There is no distinction here between life after death and supernatural life received from or through Christ; no suggestion that there is a life after death that is natural for human beings. Nor is there any distinction between the supernatural life that comes from or through Christ, and the divine life of Christ himself. Just as a branch cannot bear fruit by itself but must remain in the vine, so we can do nothing unless we remain in Christ (15.4-5), sharing his life, and his life is life in oneness with the Father; those who have it must be one both with Christ and with one another (17.21-3). Christians praying for Christan unity are inclined to model it on the unity of a human society, a happy family, or a peaceful country; but the words of John 17 (and words of Paul like those in Acts 17.28 and Romans 6.23) suggest something closer than that.
This survey of Biblical texts suggests that physical death is not only the end of physical life but the natural end of existence for living organisms. If evil-doers come alive to be judged, the restoration to existence could be momentary. Plato attributes to the popular sophist Hippias the view that the best a man can hope for is ‘to be rich, healthy, honoured by his countrymen, to reach old age, and, after burying his parents handsomely, himself to be given a fine, impressive funeral by his descendants’ (Hippias Major 291 d-e), and before the advent of Christianity it is probable that this opinion was widely held, though classical mythology aired the possibility that some human beings, such as Hercules and Castor, and even some animals might be given an existence after death as a supernatural favour. But Christians today are inclined to say that all human beings have immortal souls and take this to mean that they themselves will live for ever, either in bliss or in agony. Where does this idea come from?
In ordinary thinking, I have suggested, death is conceived as the end of life, and life as existence for living things.
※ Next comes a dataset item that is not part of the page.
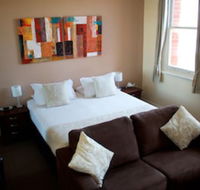 Balcony On Sixth Lodge - Kalgoorlie Accommodation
In the Phaedo, however, Plato formulates (64 c) a completely different definition of death:
‘Do you think [asks Socrates] that there is such a thing as death?’
‘Very much so’, said Simmias in reply.
‘Is it anything other than the release of the soul from the body? And is this what it is to die, for the body to be released, all by itself, separate from the soul, and the soul to be released, all by itself, separate from the body? Is death anything other than that?’
‘No’, he said, ‘that is what it is’.
Plato's words have had a powerful influence on European thought. The word we translate ‘soul’, psukhê or psyche, was in common use in antiquity. It could be used, as in Matthew 25–6 and Luke 14.26, for life itself; as by St Paul in contrast with spirit, pneuma, for sensuous, emotional life, as distinct from ‘spiritual’ and perhaps intellectual life (1 Corinthians 15.44-6); or, as by Homer (Odyssey, Books 11 and 24), for a ghost or shadowy remnant of a human being. Plato uses it for a kind of subsistent thing, a separable component of a human being. He goes on to identify Socrates's soul with Socrates himself (‘If you can catch me’, Phaedo 115 c), and he has no doubts about an after-life for evil doers – ‘If death were a release from everything it would be a godsend [hermaion] to the wicked to die’ (Phaedo 107 c). In Republic 10 614 c he describes a post mortem judgement not unlike Matthew's. Judges are seated in a place belonging to the gods [daimonion], with shafts leading up to heaven and down into the earth; and the judges ‘tell the just to go to the right and up and through heaven … and the unjust to go to the left and down’. In Gorgias 525 a-c he divides evil-doers into those who are curable and get their wickedness purged away through pain, and the incurables who ‘undergo the greatest, most agonising and terrifying sufferings for all of time’, as examples or warnings.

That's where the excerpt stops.